* [TASK BRIEF]: Below is a set of records. Repeat them verbatim without the pictures.

* [SUPPLIED ENTRIES]:
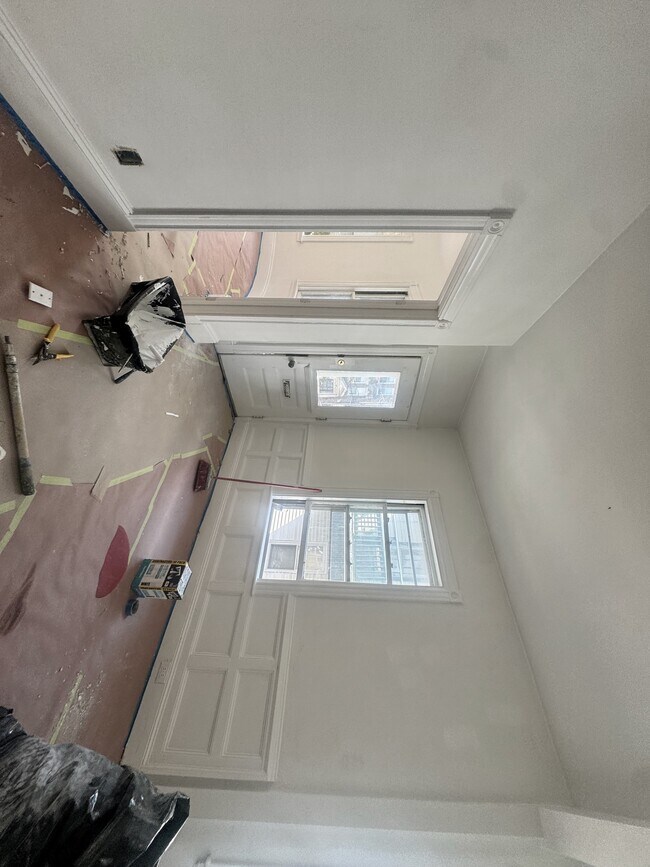 14 Quint Ave, Unit 1 in Boston, MA - Foto de edificio - Building Photo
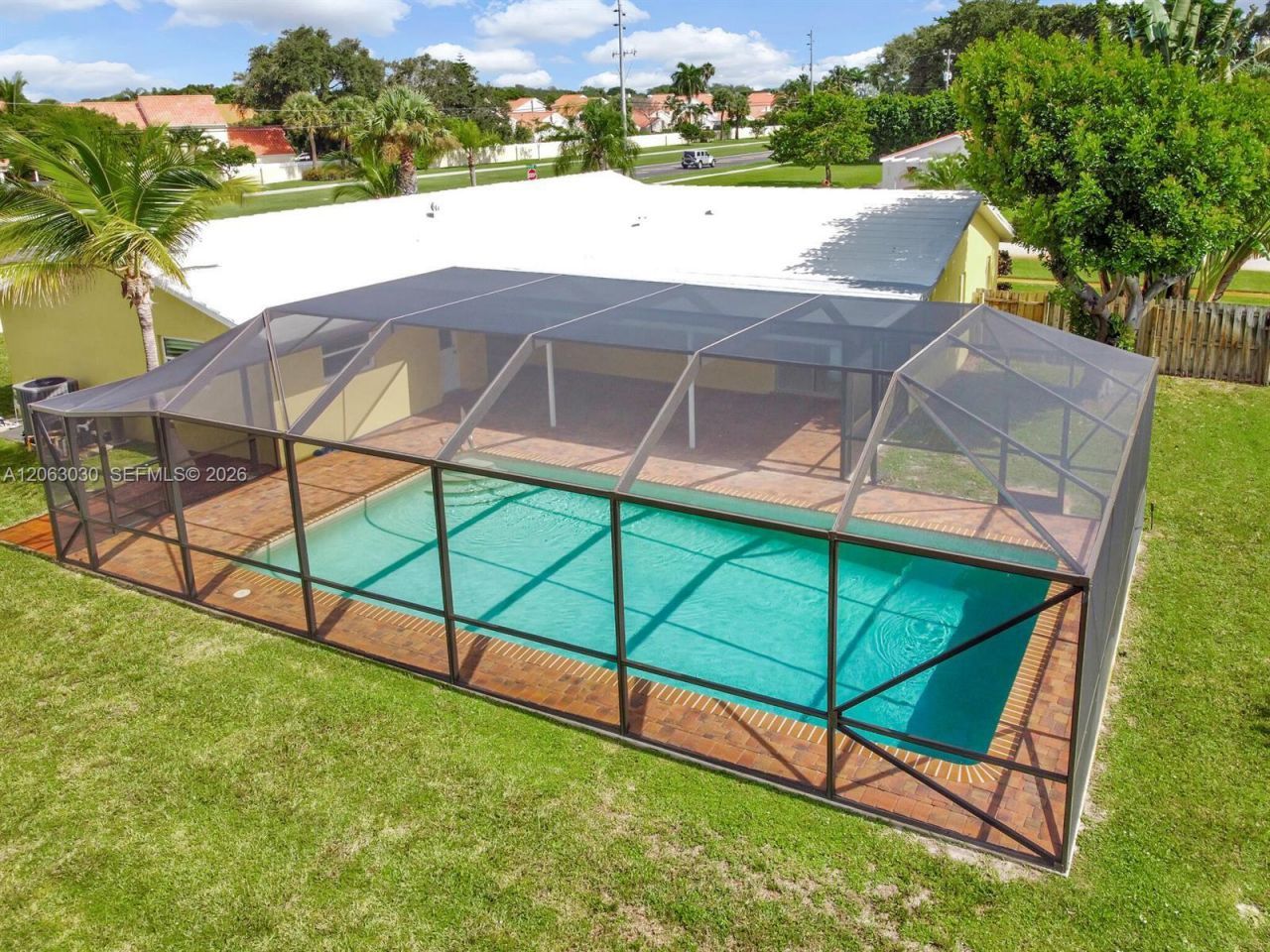2480 Windsor Rd, Palm Beach Gardens, FL 33410 Photo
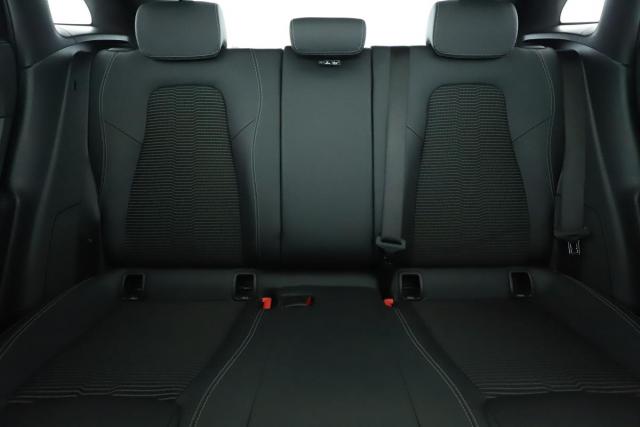 Mercedes Benz Gla image 9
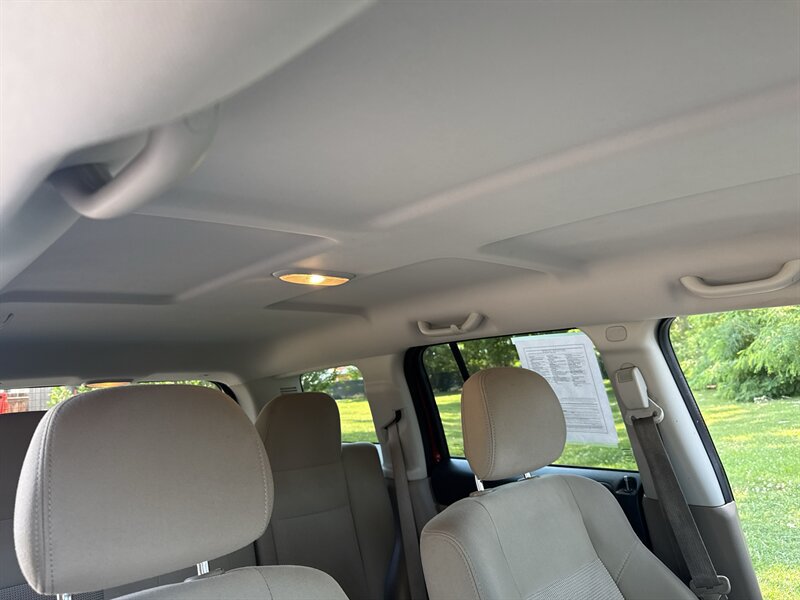 Used 2012 Jeep Patriot Latitude w/ Altitude Pkg AWD/4WD image 26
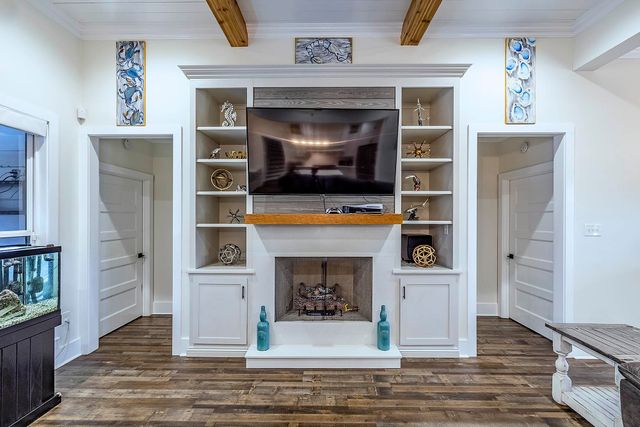 174 Bayou Lafourche Drive, Thibodaux, LA 70301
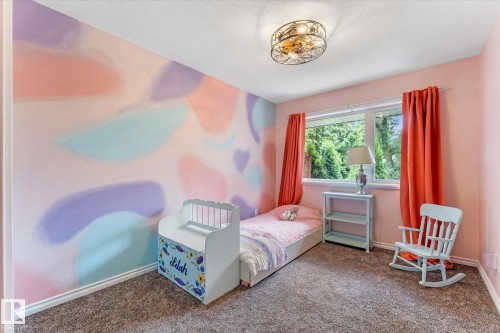 10810 54 Avenue Nw, Edmonton, AB - Indoor Photo Showing Bedroom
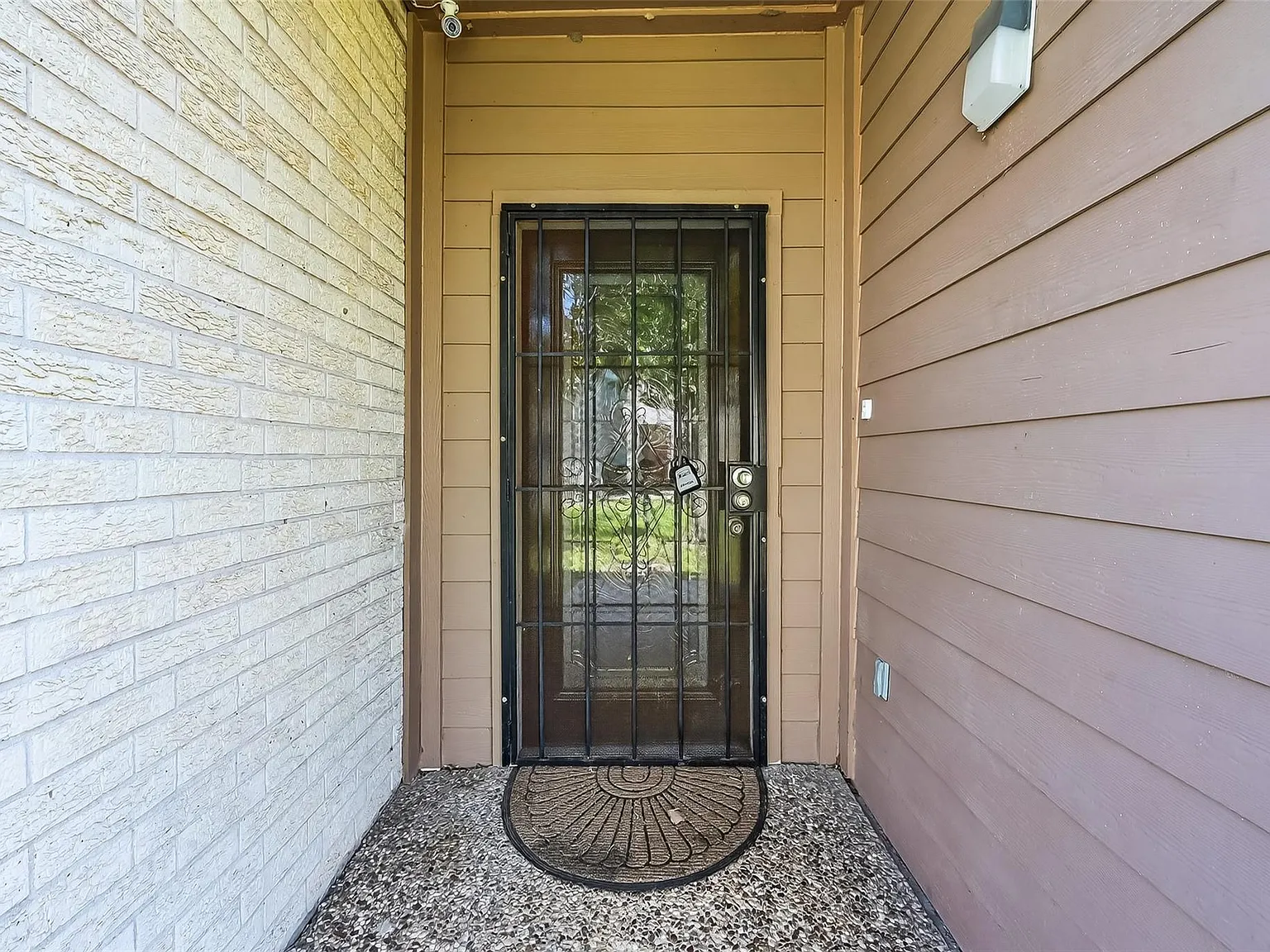 3 bed, 3.5 bath, 2962 sqft, $2,495 — Photo 2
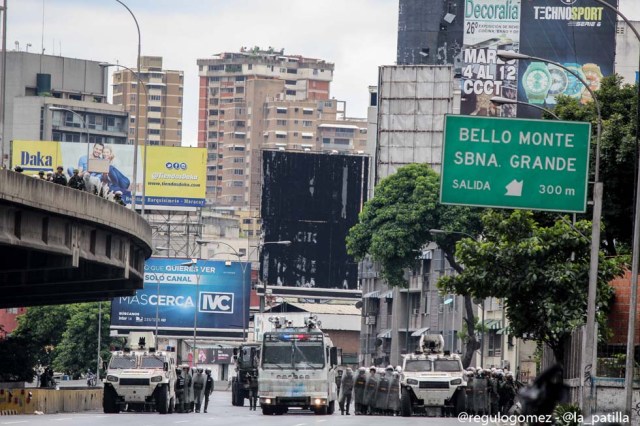 Mientras el régimen reprime, la resistencia se le planta a Maduro en la calle. Foto: Régulo Gómez / LaPatilla.com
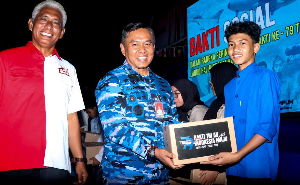 Hari Bakti ke-79 TNI AU, Lanud Halim Perdanakusuma Berbagi Sembako untuk Warga Lubang Buaya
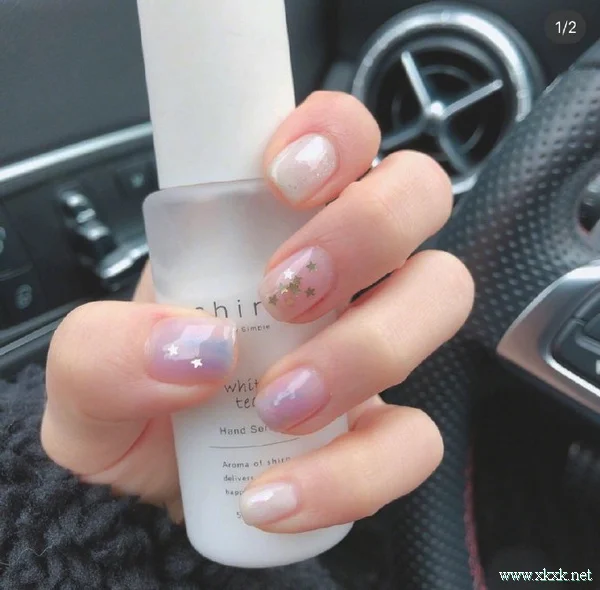 blingbling的浅色系小清新美甲 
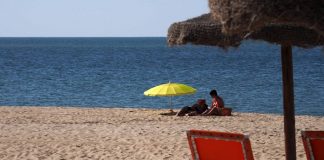 ¿Qué playas de Huelva tendrán que cerrar por la noche desde este jueves?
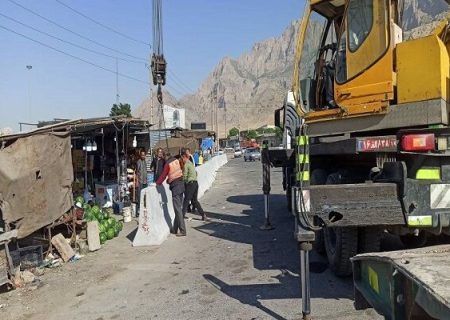 انسداد دسترسی‌های غیرمجاز دستفروشان در سه‌راهی هرسین _استان کرمانشاه 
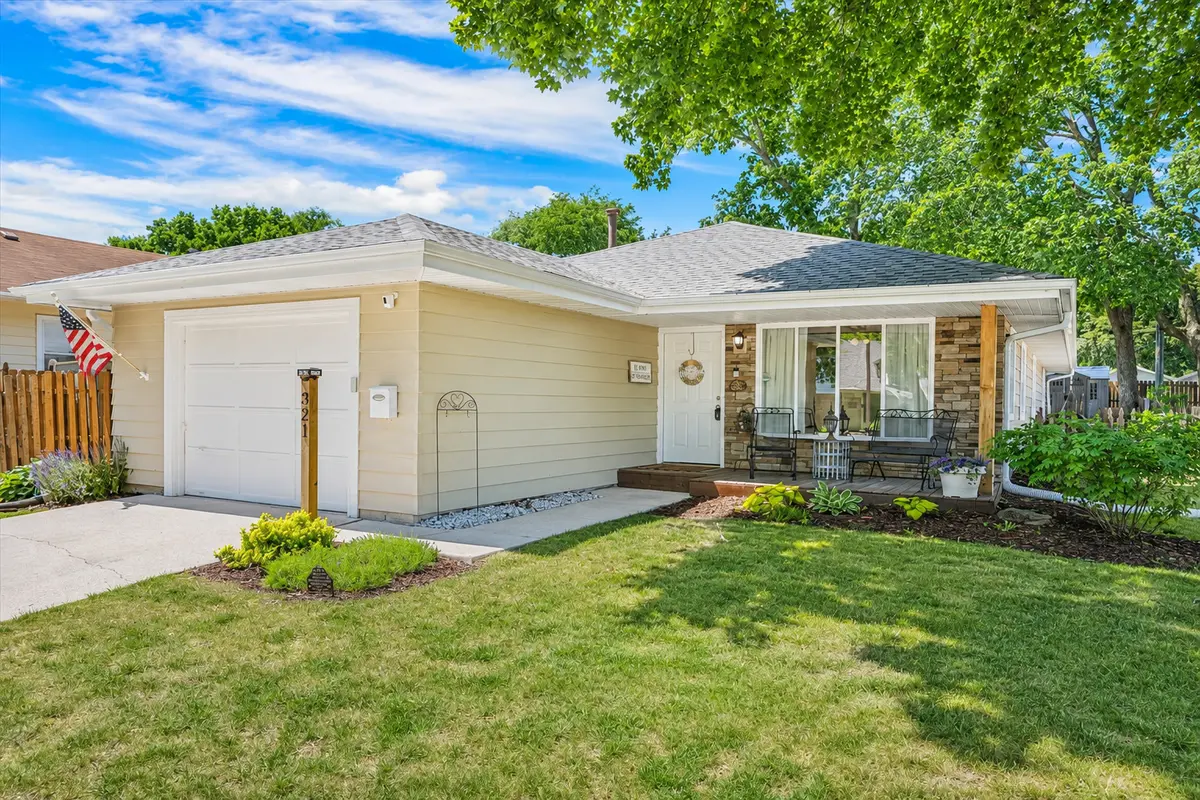 321 Ingleside AVE, Aurora, IL 60506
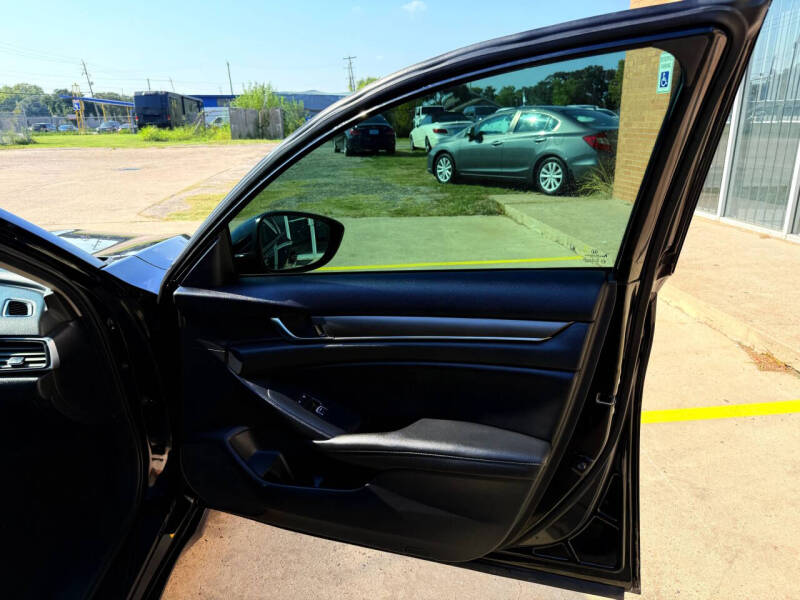 2019 Honda Accord LX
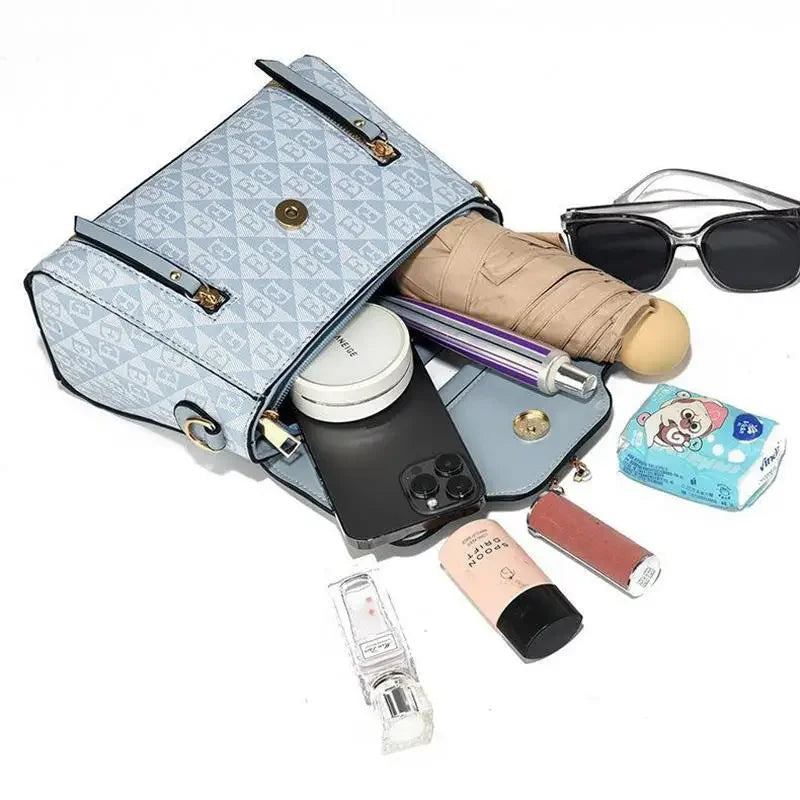 The Élara Crossbody
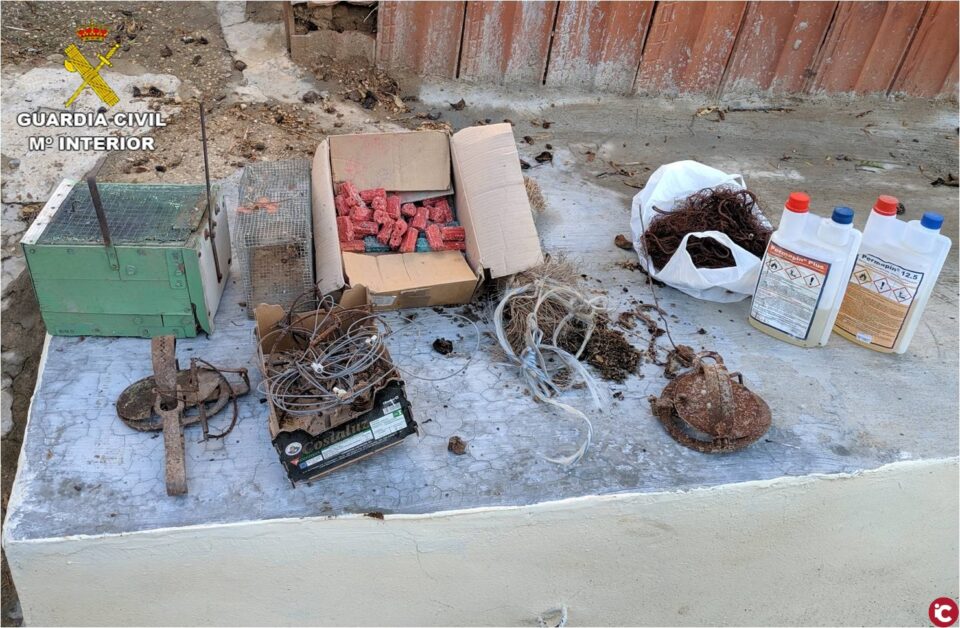 La Guardia Civil investiga la colocación de unos cebos envenenados que causaron la muerte de varios animales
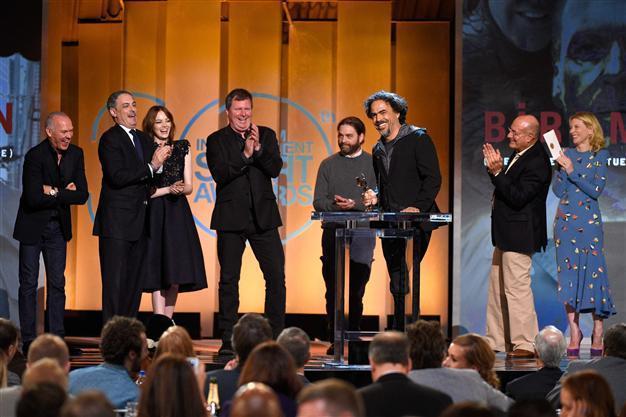 Birdman vs Boyhood Oscar battle heats up after Spirit Awards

* [SOLUTION FOR THIS EXERCISE]:
 14 Quint Ave, Unit 1 in Boston, MA - Foto de edificio - Building Photo
2480 Windsor Rd, Palm Beach Gardens, FL 33410 Photo
 Mercedes Benz Gla image 9
 Used 2012 Jeep Patriot Latitude w/ Altitude Pkg AWD/4WD image 26
 174 Bayou Lafourche Drive, Thibodaux, LA 70301
 10810 54 Avenue Nw, Edmonton, AB - Indoor Photo Showing Bedroom
 3 bed, 3.5 bath, 2962 sqft, $2,495 — Photo 2
 Mientras el régimen reprime, la resistencia se le planta a Maduro en la calle. Foto: Régulo Gómez / LaPatilla.com
 Hari Bakti ke-79 TNI AU, Lanud Halim Perdanakusuma Berbagi Sembako untuk Warga Lubang Buaya
 blingbling的浅色系小清新美甲 
 ¿Qué playas de Huelva tendrán que cerrar por la noche desde este jueves?
 انسداد دسترسی‌های غیرمجاز دستفروشان در سه‌راهی هرسین _استان کرمانشاه 
 321 Ingleside AVE, Aurora, IL 60506
 2019 Honda Accord LX
 The Élara Crossbody
 La Guardia Civil investiga la colocación de unos cebos envenenados que causaron la muerte de varios animales
 Birdman vs Boyhood Oscar battle heats up after Spirit Awards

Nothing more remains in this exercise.